• Task item: Write out, word for word, the line that contains "打造国家级专精特新企业培育新高地 仁和里·杭实智造中心盛大启幕！" and each line after it down to the last line of the data below. Include nothing more.

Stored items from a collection
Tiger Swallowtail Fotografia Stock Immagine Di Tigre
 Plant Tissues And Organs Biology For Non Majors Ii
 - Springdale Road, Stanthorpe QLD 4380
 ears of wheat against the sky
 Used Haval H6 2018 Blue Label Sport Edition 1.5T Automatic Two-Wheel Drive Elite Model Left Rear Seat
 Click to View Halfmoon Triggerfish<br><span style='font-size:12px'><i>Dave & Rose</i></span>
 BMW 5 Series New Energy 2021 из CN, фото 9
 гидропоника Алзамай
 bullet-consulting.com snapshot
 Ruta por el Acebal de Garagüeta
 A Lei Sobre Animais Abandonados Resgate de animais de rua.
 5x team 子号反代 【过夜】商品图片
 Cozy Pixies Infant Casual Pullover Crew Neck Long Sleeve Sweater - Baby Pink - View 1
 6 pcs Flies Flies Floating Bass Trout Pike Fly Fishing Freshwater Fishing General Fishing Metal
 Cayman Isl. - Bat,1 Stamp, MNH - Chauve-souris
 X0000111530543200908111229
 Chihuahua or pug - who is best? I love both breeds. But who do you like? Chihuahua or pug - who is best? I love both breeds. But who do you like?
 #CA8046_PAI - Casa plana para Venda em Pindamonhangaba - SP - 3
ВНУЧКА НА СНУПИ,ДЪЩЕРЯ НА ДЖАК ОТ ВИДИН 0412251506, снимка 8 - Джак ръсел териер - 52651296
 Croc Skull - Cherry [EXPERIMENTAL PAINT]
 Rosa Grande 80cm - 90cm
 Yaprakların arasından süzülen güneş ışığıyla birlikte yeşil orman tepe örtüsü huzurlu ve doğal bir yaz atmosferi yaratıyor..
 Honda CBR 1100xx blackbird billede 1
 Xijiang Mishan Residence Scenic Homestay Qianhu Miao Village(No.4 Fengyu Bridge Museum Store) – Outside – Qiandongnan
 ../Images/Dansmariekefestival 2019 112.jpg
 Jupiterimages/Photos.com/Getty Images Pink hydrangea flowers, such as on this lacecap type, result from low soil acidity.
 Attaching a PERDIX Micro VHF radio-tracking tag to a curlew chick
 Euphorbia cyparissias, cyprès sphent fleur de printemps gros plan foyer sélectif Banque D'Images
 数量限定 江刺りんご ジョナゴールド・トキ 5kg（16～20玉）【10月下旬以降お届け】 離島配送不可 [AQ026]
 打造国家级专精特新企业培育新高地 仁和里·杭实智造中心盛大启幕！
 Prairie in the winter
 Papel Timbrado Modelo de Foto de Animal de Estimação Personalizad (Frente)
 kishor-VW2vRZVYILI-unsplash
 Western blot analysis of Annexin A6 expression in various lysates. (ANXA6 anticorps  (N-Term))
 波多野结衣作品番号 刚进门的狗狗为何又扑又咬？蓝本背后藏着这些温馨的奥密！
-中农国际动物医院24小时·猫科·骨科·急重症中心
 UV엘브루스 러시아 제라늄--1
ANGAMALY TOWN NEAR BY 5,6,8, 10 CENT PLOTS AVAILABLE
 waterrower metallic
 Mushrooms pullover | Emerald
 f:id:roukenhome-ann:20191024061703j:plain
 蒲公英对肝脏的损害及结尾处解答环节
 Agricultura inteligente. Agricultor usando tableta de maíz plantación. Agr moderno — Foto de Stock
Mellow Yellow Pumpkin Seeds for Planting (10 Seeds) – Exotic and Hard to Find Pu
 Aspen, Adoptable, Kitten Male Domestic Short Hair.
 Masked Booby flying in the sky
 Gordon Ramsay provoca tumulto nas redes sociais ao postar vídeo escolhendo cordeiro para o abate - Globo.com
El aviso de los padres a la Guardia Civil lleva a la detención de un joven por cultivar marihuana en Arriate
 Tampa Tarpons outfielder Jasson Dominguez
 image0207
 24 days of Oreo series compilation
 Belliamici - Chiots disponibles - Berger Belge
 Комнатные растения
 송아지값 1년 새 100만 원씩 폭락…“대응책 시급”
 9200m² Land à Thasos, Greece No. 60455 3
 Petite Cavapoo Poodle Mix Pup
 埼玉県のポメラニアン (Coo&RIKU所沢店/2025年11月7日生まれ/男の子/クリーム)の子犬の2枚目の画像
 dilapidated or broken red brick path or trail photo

• Response:
 打造国家级专精特新企业培育新高地 仁和里·杭实智造中心盛大启幕！
 Prairie in the winter
 Papel Timbrado Modelo de Foto de Animal de Estimação Personalizad (Frente)
 kishor-VW2vRZVYILI-unsplash
 Western blot analysis of Annexin A6 expression in various lysates. (ANXA6 anticorps  (N-Term))
 波多野结衣作品番号 刚进门的狗狗为何又扑又咬？蓝本背后藏着这些温馨的奥密！
-中农国际动物医院24小时·猫科·骨科·急重症中心
 UV엘브루스 러시아 제라늄--1
ANGAMALY TOWN NEAR BY 5,6,8, 10 CENT PLOTS AVAILABLE
 waterrower metallic
 Mushrooms pullover | Emerald
 f:id:roukenhome-ann:20191024061703j:plain
 蒲公英对肝脏的损害及结尾处解答环节
 Agricultura inteligente. Agricultor usando tableta de maíz plantación. Agr moderno — Foto de Stock
Mellow Yellow Pumpkin Seeds for Planting (10 Seeds) – Exotic and Hard to Find Pu
 Aspen, Adoptable, Kitten Male Domestic Short Hair.
 Masked Booby flying in the sky
 Gordon Ramsay provoca tumulto nas redes sociais ao postar vídeo escolhendo cordeiro para o abate - Globo.com
El aviso de los padres a la Guardia Civil lleva a la detención de un joven por cultivar marihuana en Arriate
 Tampa Tarpons outfielder Jasson Dominguez
 image0207
 24 days of Oreo series compilation
 Belliamici - Chiots disponibles - Berger Belge
 Комнатные растения
 송아지값 1년 새 100만 원씩 폭락…“대응책 시급”
 9200m² Land à Thasos, Greece No. 60455 3
 Petite Cavapoo Poodle Mix Pup
 埼玉県のポメラニアン (Coo&RIKU所沢店/2025年11月7日生まれ/男の子/クリーム)の子犬の2枚目の画像
 dilapidated or broken red brick path or trail photo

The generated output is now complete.